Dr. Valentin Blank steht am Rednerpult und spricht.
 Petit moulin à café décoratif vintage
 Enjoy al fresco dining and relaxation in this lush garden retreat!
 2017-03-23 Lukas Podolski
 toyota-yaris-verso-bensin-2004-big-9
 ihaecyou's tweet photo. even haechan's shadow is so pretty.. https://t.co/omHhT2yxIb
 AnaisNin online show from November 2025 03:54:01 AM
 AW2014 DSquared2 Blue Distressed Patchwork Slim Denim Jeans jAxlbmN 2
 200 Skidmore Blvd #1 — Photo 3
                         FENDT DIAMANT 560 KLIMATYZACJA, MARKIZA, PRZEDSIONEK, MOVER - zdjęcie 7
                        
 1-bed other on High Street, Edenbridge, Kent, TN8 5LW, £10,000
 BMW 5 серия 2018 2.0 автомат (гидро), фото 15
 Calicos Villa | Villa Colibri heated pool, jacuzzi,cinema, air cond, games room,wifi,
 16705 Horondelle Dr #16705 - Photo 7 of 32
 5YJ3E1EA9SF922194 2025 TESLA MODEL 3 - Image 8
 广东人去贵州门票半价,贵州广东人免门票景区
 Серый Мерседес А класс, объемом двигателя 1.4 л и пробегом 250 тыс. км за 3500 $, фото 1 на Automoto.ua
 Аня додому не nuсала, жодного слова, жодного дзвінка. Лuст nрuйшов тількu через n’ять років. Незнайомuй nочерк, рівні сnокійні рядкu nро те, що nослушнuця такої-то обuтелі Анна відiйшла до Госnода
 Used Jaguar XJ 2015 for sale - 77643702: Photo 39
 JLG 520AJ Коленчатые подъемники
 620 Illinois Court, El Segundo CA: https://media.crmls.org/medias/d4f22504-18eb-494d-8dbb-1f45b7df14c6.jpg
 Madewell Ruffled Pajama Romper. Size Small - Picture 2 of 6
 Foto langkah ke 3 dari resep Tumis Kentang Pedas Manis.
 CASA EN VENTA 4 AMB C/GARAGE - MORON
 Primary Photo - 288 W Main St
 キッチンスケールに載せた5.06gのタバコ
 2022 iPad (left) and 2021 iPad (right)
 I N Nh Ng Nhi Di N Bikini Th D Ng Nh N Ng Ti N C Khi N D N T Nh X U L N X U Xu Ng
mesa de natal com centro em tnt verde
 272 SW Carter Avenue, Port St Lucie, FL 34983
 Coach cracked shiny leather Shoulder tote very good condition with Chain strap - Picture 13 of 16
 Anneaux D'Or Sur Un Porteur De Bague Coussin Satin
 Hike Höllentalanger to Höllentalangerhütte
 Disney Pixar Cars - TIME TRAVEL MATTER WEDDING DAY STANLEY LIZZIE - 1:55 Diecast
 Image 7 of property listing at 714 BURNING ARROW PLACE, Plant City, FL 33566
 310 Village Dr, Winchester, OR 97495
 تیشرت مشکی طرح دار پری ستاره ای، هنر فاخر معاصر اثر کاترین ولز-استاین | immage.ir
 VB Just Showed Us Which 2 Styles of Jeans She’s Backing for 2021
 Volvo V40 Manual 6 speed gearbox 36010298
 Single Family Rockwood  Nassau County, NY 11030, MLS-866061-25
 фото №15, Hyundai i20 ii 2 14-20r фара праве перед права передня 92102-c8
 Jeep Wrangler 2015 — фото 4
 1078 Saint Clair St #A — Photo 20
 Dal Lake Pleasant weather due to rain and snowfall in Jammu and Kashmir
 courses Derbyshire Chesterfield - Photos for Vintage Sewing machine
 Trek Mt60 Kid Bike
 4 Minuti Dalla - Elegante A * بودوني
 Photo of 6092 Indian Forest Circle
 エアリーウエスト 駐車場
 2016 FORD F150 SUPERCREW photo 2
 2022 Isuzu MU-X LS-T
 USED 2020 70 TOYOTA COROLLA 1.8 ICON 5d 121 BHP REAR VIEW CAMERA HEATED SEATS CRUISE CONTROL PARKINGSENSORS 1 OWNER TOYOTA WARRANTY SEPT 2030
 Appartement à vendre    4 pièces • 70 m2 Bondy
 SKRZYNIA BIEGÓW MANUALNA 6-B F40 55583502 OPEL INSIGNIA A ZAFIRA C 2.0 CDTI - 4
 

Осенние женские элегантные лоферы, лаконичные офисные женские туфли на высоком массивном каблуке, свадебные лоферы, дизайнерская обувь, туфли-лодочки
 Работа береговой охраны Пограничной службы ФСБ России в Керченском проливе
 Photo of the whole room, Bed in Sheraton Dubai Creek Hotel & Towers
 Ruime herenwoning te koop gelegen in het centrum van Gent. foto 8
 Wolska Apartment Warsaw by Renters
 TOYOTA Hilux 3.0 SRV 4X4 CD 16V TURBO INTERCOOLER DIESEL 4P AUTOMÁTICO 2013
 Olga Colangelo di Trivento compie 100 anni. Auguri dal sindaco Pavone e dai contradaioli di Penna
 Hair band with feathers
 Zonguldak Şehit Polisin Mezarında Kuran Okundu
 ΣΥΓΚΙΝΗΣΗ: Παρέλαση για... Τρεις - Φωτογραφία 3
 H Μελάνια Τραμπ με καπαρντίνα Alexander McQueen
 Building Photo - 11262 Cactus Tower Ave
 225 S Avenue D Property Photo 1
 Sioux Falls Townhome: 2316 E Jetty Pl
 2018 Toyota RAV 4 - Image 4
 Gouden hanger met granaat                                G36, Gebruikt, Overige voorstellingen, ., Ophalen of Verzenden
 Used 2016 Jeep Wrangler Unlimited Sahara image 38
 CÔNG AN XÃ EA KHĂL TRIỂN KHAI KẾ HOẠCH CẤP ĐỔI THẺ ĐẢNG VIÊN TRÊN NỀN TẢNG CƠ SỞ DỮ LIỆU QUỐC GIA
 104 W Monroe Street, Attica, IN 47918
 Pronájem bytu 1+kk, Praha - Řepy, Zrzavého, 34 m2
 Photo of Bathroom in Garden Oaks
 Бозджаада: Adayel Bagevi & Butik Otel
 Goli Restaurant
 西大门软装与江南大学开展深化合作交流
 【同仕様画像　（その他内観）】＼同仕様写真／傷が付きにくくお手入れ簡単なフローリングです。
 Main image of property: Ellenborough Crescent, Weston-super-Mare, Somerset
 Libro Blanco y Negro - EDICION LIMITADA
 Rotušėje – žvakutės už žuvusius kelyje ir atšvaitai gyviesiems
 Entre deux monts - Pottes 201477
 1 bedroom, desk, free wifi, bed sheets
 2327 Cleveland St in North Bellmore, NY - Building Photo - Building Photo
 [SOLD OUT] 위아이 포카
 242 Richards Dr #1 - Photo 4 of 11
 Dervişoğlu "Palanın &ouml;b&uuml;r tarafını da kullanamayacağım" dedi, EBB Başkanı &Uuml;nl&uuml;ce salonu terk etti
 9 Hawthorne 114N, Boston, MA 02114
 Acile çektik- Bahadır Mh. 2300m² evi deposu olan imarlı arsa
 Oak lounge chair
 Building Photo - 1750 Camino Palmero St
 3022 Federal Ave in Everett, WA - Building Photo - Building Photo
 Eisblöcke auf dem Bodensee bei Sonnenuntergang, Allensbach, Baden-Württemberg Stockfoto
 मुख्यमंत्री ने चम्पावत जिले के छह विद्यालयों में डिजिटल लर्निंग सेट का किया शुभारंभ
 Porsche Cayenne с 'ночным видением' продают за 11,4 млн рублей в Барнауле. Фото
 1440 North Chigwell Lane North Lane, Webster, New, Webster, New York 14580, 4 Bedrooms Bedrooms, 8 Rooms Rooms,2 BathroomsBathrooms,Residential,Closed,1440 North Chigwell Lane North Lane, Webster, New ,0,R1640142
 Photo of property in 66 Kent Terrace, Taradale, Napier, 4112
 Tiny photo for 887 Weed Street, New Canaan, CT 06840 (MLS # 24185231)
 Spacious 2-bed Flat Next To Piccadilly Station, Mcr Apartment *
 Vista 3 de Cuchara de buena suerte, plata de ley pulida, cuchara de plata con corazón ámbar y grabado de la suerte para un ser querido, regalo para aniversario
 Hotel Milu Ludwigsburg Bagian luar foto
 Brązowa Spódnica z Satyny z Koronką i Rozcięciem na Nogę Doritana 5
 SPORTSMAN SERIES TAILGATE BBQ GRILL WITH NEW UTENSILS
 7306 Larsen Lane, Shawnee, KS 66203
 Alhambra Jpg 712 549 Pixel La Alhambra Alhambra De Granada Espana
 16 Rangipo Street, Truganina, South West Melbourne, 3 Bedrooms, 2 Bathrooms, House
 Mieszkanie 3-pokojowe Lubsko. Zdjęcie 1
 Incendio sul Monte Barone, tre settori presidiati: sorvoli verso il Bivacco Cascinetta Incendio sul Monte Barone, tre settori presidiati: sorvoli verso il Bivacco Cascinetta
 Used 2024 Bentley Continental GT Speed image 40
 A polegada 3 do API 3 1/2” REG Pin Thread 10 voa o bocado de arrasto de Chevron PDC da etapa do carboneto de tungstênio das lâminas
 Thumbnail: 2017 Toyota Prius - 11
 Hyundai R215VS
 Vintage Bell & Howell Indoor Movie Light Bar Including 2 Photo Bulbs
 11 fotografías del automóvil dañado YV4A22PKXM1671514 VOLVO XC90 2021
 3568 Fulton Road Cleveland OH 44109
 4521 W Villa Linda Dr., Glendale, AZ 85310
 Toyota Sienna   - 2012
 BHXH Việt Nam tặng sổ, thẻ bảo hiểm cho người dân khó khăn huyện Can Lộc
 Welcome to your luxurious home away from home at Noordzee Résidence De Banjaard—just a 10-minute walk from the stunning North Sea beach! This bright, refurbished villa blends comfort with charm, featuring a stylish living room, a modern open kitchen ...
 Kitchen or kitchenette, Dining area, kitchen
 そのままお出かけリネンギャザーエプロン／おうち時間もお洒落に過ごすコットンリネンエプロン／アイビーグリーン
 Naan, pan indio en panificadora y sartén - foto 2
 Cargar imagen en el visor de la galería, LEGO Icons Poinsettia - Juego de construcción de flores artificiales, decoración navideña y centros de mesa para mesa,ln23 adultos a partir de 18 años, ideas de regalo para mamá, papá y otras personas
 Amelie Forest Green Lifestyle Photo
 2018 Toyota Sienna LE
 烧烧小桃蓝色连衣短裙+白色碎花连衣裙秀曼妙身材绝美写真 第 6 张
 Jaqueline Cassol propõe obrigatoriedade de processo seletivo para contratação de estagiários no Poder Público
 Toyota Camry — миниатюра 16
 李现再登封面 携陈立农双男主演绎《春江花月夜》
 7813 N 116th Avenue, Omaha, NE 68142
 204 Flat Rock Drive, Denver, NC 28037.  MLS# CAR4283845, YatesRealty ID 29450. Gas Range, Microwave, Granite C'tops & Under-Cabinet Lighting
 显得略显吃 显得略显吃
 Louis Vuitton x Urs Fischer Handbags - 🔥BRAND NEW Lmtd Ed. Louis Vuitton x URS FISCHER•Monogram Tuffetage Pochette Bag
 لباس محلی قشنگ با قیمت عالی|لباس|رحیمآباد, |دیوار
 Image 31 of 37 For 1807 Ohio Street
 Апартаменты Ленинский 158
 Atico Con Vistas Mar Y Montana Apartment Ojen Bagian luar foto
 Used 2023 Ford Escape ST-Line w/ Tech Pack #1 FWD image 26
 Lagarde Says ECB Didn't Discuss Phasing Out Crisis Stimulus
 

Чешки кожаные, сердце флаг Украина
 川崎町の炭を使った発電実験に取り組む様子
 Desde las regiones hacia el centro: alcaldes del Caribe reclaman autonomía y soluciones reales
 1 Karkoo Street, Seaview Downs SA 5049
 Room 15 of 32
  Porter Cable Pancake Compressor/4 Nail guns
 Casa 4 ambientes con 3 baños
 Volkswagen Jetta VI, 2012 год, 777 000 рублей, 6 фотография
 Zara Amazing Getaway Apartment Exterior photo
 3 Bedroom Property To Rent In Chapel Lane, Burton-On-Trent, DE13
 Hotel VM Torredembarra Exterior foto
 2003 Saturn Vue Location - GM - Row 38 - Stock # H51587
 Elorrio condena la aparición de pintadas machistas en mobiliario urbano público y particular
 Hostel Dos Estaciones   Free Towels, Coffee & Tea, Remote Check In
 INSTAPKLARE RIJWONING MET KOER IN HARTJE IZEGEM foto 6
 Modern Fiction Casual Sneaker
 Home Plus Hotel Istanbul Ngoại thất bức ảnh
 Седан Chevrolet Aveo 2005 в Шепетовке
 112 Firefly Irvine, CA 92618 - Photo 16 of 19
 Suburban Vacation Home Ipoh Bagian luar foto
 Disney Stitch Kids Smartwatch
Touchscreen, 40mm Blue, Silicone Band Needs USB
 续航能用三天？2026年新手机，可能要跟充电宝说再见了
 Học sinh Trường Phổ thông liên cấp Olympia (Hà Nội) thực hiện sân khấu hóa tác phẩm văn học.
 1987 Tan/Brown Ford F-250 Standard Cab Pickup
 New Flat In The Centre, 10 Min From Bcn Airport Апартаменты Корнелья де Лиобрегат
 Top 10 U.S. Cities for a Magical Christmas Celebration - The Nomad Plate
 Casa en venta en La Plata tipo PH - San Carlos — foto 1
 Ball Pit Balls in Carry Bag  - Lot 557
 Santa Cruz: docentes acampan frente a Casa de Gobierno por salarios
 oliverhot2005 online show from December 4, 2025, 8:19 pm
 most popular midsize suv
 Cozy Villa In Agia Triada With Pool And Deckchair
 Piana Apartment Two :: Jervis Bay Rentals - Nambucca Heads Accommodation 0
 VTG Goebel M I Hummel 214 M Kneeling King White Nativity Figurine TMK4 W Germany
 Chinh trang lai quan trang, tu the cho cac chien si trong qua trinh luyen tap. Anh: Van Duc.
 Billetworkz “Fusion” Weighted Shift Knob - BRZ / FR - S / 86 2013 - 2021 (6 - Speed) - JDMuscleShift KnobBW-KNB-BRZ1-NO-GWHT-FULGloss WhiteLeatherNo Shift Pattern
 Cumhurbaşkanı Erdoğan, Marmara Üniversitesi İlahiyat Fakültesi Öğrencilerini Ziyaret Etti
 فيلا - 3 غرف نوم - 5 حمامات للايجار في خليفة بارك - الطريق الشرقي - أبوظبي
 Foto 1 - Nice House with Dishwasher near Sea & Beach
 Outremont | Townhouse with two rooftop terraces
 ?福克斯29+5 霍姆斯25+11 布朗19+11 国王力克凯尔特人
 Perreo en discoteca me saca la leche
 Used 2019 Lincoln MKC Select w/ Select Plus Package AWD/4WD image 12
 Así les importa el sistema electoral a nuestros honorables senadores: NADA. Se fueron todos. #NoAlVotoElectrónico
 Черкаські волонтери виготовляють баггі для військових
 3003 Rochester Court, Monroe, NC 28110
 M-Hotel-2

**Exercise aim**
The answer must hold exactly the lines of the entries above, from the first line through the line that contains "FENDT DIAMANT 560", and no others.

**Answer space**
Dr. Valentin Blank steht am Rednerpult und spricht.
 Petit moulin à café décoratif vintage
 Enjoy al fresco dining and relaxation in this lush garden retreat!
 2017-03-23 Lukas Podolski
 toyota-yaris-verso-bensin-2004-big-9
 ihaecyou's tweet photo. even haechan's shadow is so pretty.. https://t.co/omHhT2yxIb
 AnaisNin online show from November 2025 03:54:01 AM
 AW2014 DSquared2 Blue Distressed Patchwork Slim Denim Jeans jAxlbmN 2
 200 Skidmore Blvd #1 — Photo 3
                         FENDT DIAMANT 560 KLIMATYZACJA, MARKIZA, PRZEDSIONEK, MOVER - zdjęcie 7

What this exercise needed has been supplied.